Extracted data entries ->
******************************

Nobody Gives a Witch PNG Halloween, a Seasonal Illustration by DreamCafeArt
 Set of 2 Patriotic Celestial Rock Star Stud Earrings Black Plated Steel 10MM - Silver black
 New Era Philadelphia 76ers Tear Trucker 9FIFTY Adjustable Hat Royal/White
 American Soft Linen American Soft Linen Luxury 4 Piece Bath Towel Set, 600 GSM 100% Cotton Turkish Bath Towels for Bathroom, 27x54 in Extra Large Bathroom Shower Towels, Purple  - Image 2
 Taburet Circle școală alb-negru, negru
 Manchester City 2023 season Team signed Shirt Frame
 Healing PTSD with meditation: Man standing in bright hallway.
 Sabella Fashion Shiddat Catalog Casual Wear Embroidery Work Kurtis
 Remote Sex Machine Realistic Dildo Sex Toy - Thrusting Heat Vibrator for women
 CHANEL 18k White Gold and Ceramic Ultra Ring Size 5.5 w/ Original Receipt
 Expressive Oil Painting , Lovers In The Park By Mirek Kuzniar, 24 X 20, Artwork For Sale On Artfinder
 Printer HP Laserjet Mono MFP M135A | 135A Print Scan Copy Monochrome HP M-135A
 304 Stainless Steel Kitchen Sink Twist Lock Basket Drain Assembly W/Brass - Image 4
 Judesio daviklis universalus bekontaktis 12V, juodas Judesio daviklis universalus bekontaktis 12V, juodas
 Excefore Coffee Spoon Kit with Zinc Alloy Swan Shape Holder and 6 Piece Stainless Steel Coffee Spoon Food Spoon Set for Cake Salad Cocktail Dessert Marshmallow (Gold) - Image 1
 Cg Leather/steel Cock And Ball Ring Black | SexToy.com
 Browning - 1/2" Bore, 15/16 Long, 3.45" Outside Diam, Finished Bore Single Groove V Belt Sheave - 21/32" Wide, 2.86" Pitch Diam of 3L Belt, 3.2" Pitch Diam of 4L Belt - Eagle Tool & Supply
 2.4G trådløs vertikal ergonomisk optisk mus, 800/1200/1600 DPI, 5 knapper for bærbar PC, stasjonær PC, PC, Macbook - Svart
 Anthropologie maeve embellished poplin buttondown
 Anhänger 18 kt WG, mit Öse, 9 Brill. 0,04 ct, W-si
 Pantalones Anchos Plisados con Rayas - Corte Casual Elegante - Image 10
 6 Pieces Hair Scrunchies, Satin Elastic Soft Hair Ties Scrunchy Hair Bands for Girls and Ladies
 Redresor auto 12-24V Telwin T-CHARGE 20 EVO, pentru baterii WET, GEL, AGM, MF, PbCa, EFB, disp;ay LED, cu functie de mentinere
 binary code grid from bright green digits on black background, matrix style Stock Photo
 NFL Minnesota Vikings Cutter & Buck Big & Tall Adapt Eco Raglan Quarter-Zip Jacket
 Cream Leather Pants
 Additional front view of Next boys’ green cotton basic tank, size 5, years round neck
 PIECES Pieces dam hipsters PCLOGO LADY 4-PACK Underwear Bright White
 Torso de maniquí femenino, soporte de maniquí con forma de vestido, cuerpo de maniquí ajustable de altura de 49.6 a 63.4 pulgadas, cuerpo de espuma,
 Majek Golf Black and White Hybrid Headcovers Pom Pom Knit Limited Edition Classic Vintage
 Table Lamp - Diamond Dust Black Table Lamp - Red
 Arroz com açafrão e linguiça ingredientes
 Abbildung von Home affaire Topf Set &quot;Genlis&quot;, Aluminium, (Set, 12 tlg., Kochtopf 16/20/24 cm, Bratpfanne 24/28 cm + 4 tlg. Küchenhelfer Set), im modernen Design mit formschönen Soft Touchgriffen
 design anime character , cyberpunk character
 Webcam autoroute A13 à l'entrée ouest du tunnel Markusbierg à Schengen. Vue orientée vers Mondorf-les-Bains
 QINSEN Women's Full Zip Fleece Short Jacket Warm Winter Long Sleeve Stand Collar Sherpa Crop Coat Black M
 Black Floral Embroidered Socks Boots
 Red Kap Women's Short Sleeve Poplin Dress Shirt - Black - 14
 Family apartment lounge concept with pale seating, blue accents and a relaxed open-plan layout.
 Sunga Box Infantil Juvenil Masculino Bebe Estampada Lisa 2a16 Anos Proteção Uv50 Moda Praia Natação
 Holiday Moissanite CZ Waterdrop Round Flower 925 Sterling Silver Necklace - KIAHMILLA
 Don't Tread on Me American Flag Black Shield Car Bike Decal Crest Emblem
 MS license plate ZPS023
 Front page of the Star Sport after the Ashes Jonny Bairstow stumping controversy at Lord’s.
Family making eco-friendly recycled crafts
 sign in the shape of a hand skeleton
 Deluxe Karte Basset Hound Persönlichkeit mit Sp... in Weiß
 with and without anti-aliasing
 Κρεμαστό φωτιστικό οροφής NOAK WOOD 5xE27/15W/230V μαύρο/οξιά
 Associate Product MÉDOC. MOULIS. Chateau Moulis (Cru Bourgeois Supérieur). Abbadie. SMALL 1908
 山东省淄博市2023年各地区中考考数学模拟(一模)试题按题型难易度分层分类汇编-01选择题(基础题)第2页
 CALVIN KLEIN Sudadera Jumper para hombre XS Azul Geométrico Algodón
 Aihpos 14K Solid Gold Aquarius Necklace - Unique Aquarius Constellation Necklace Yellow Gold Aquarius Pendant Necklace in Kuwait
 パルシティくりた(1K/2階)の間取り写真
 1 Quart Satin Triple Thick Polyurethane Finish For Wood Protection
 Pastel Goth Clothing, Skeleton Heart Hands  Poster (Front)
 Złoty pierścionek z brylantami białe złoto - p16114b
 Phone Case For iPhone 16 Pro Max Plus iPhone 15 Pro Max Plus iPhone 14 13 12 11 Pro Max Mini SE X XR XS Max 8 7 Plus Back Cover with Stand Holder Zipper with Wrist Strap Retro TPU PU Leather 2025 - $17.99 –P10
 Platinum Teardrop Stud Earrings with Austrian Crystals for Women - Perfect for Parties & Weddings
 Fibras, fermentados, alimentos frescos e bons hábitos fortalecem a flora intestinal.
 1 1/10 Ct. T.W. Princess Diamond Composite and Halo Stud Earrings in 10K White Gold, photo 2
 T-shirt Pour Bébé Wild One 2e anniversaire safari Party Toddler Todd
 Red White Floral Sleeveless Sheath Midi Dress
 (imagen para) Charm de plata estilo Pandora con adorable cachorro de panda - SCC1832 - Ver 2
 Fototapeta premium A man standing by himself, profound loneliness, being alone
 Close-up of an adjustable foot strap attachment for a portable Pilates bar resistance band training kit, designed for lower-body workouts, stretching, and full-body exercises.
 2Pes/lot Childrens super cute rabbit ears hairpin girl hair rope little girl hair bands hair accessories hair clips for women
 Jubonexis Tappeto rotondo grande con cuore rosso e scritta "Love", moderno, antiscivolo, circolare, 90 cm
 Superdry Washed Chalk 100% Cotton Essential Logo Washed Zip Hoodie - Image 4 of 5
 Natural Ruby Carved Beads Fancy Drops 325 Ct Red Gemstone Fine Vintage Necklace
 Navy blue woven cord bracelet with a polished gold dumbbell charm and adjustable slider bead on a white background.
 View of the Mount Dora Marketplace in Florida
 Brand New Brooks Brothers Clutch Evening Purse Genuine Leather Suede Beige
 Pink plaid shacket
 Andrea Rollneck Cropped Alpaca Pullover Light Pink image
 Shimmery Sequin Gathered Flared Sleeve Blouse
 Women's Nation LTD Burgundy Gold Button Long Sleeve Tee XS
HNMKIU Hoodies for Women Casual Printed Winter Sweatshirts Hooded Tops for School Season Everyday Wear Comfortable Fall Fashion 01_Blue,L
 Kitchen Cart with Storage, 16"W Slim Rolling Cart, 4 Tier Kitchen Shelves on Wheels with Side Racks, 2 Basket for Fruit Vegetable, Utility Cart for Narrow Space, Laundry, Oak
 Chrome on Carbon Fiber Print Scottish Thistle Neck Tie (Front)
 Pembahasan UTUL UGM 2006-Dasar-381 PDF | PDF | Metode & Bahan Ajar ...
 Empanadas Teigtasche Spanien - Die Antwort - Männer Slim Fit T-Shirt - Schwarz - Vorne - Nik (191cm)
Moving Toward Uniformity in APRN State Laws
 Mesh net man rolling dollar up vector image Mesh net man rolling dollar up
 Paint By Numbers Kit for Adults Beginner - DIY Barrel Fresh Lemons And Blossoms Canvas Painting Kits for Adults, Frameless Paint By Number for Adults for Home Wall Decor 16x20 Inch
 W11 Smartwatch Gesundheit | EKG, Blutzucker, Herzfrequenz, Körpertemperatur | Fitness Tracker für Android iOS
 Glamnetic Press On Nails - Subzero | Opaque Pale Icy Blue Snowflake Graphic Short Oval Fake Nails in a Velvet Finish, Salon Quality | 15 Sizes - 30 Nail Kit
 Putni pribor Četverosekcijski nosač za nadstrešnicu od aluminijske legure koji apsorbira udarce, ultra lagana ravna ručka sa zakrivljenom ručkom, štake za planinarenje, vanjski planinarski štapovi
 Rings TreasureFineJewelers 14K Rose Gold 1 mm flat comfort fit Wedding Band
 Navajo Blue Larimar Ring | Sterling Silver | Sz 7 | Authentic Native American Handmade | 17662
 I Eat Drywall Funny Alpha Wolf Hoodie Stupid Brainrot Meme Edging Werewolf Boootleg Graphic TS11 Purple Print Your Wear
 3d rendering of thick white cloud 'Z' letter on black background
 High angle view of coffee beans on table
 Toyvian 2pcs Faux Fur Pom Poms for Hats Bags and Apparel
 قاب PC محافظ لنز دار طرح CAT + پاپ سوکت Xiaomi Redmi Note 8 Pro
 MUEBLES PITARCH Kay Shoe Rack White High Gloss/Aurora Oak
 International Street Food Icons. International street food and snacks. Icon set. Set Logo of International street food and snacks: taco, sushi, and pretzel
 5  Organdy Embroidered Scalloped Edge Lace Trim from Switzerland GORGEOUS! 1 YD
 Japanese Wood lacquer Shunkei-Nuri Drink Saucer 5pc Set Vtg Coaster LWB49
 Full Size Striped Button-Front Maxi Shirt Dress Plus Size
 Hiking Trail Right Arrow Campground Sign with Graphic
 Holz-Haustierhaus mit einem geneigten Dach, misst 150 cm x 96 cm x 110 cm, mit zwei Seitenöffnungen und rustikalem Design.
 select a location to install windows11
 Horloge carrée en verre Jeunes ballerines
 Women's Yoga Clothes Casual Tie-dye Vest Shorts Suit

******************************

TASK TO COMPLETE ->
When you reach the line containing "Navy blue woven" in the data above, start copying exactly, and stop after the line containing "Andrea Rollneck Cropped".

RESPONSE FOR THIS EXERCISE ->
 Navy blue woven cord bracelet with a polished gold dumbbell charm and adjustable slider bead on a white background.
 View of the Mount Dora Marketplace in Florida
 Brand New Brooks Brothers Clutch Evening Purse Genuine Leather Suede Beige
 Pink plaid shacket
 Andrea Rollneck Cropped Alpaca Pullover Light Pink image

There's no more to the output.